Action item
All of the data should be given again word for word, though the images are to be left out.

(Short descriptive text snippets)
BEGIN
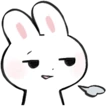 bunny_sigh emote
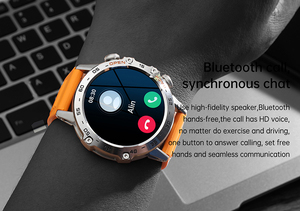 2023 lasting K52 BT Call Outdoor Sport Style Smartwatch per uomo 1.39 pollici schermo rotondo impermeabile Fitness Tracker Smartwatch - Product Image 2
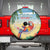 Pura Vida Costa Rica Spare Tire Cover Chilling Scarlet Macaw Tropical Vibes - Wonder Print Shop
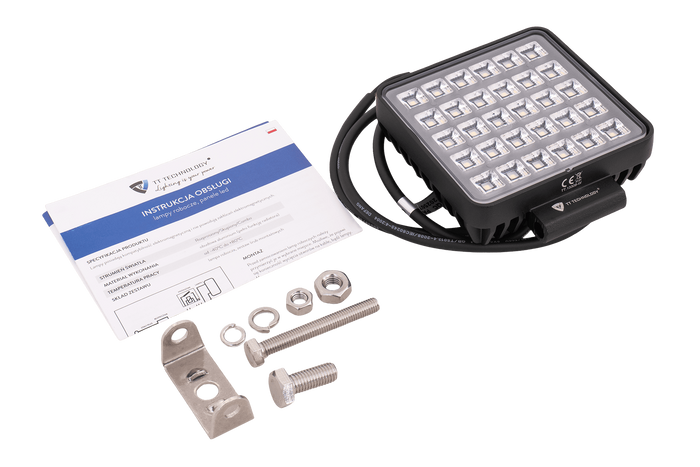 Λάμπα εργασίας LED με ανακλαστήρα TT TECHNOLOGY TT.13308-W 30xLED 2400lm με διακόπτη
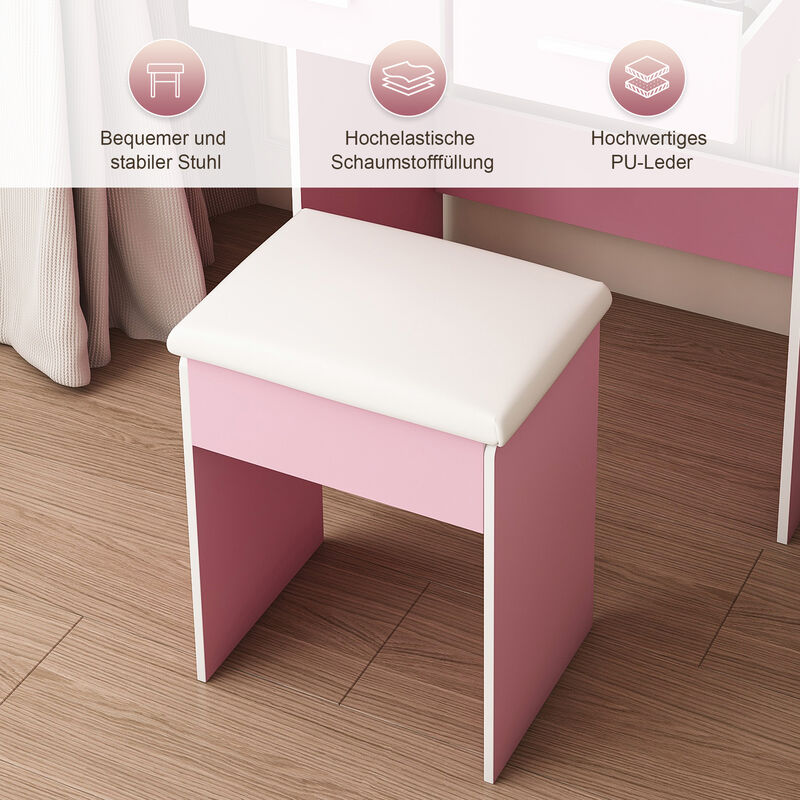 Blagem Small Makeup Vanity Desk with Mirror image number 9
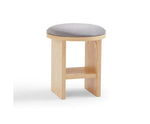 Wooden Dining Chair Stool-Oak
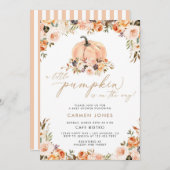 リトルカボチャ秋ベビーシャワー招待状 招待状 (正面/裏面)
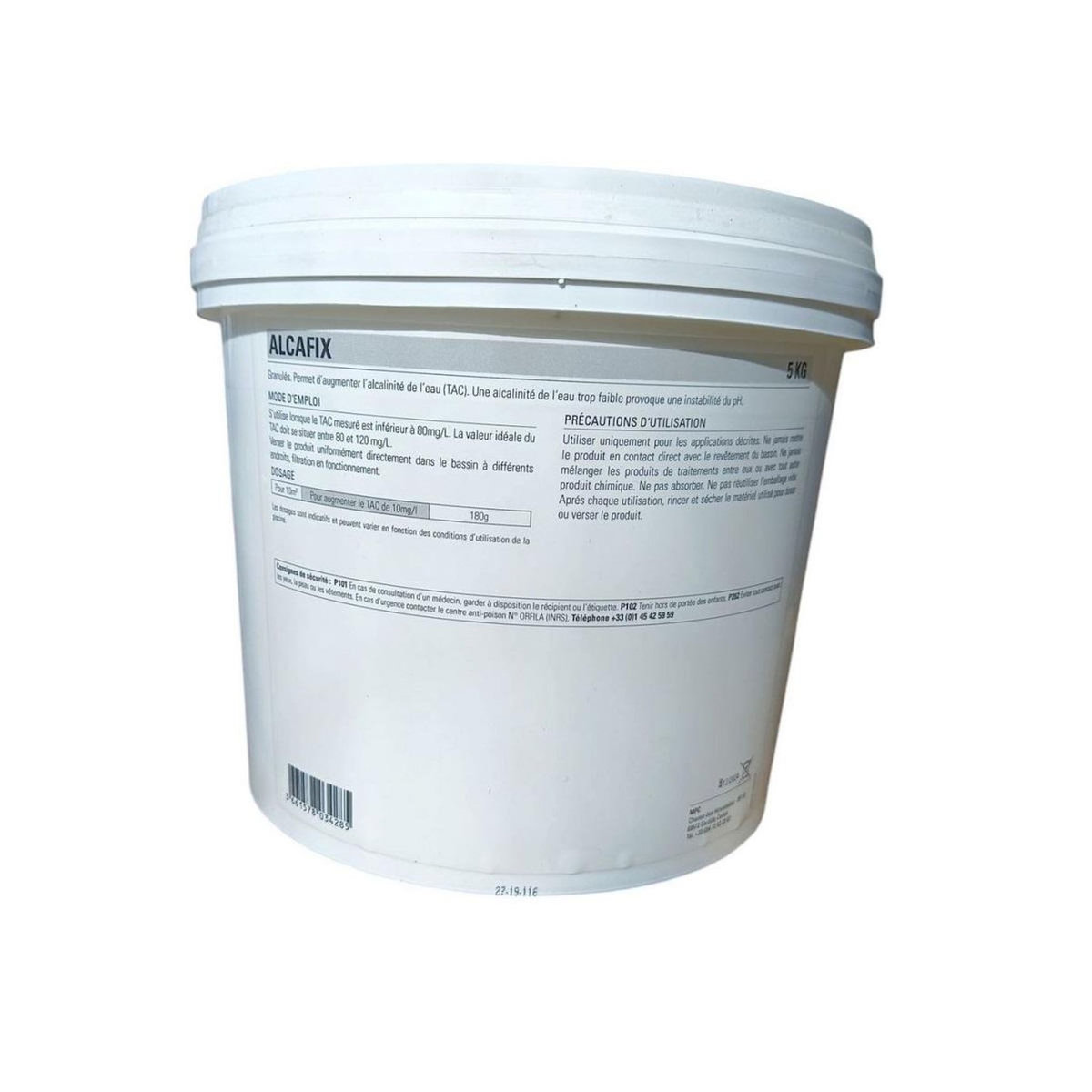 Nmp Augmentateur d'alcalinité en poudre 5kg - alcastop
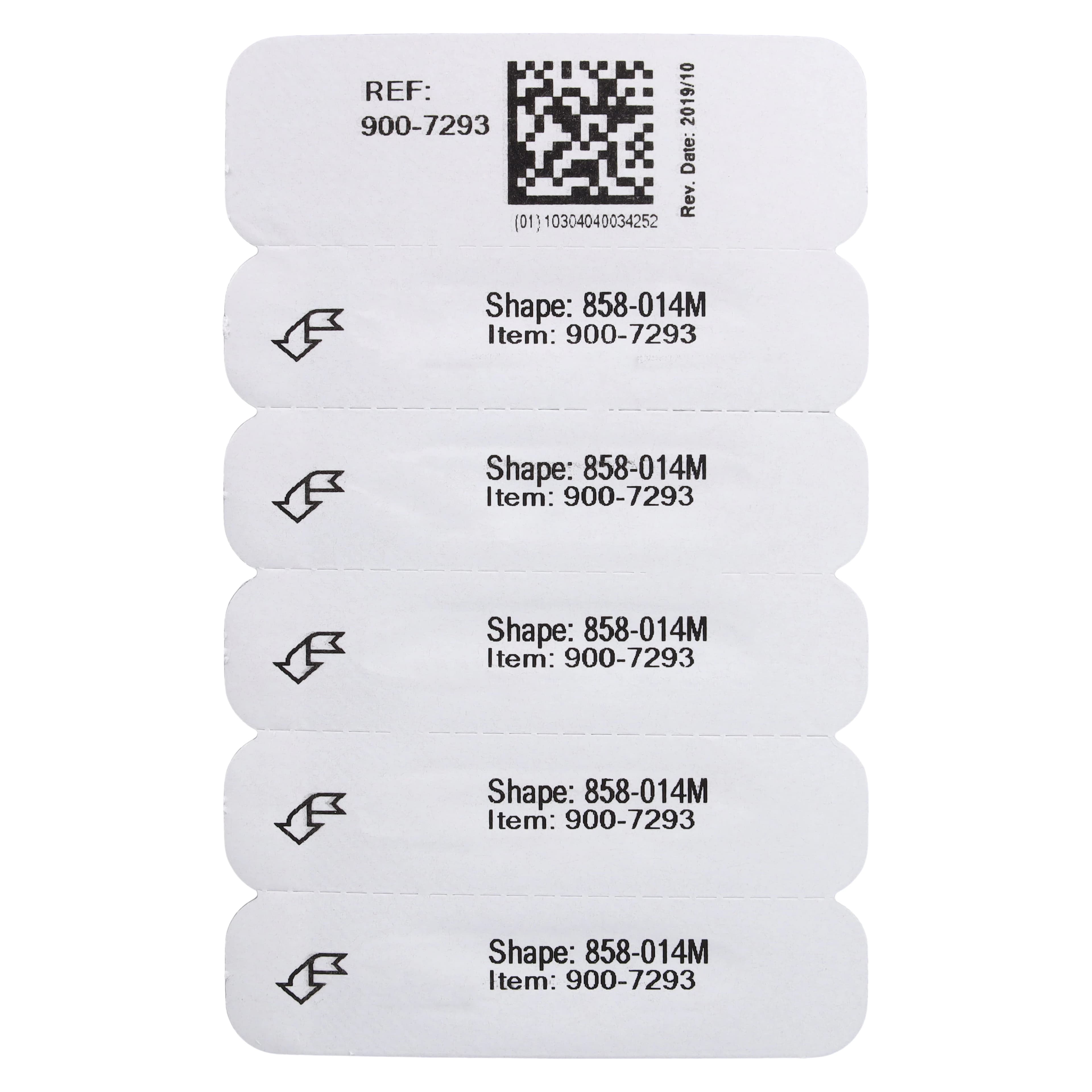 Maxima Diamond FG 858-014M Friction Grip Medium Needle Bur, 8.0 mm, 5/Pack thumbnail 5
END
Answer box
 bunny_sigh emote
 2023 lasting K52 BT Call Outdoor Sport Style Smartwatch per uomo 1.39 pollici schermo rotondo impermeabile Fitness Tracker Smartwatch - Product Image 2
 Pura Vida Costa Rica Spare Tire Cover Chilling Scarlet Macaw Tropical Vibes - Wonder Print Shop
 Λάμπα εργασίας LED με ανακλαστήρα TT TECHNOLOGY TT.13308-W 30xLED 2400lm με διακόπτη
 Blagem Small Makeup Vanity Desk with Mirror image number 9
 Wooden Dining Chair Stool-Oak
 リトルカボチャ秋ベビーシャワー招待状 招待状 (正面/裏面)
 Nmp Augmentateur d'alcalinité en poudre 5kg - alcastop
 Maxima Diamond FG 858-014M Friction Grip Medium Needle Bur, 8.0 mm, 5/Pack thumbnail 5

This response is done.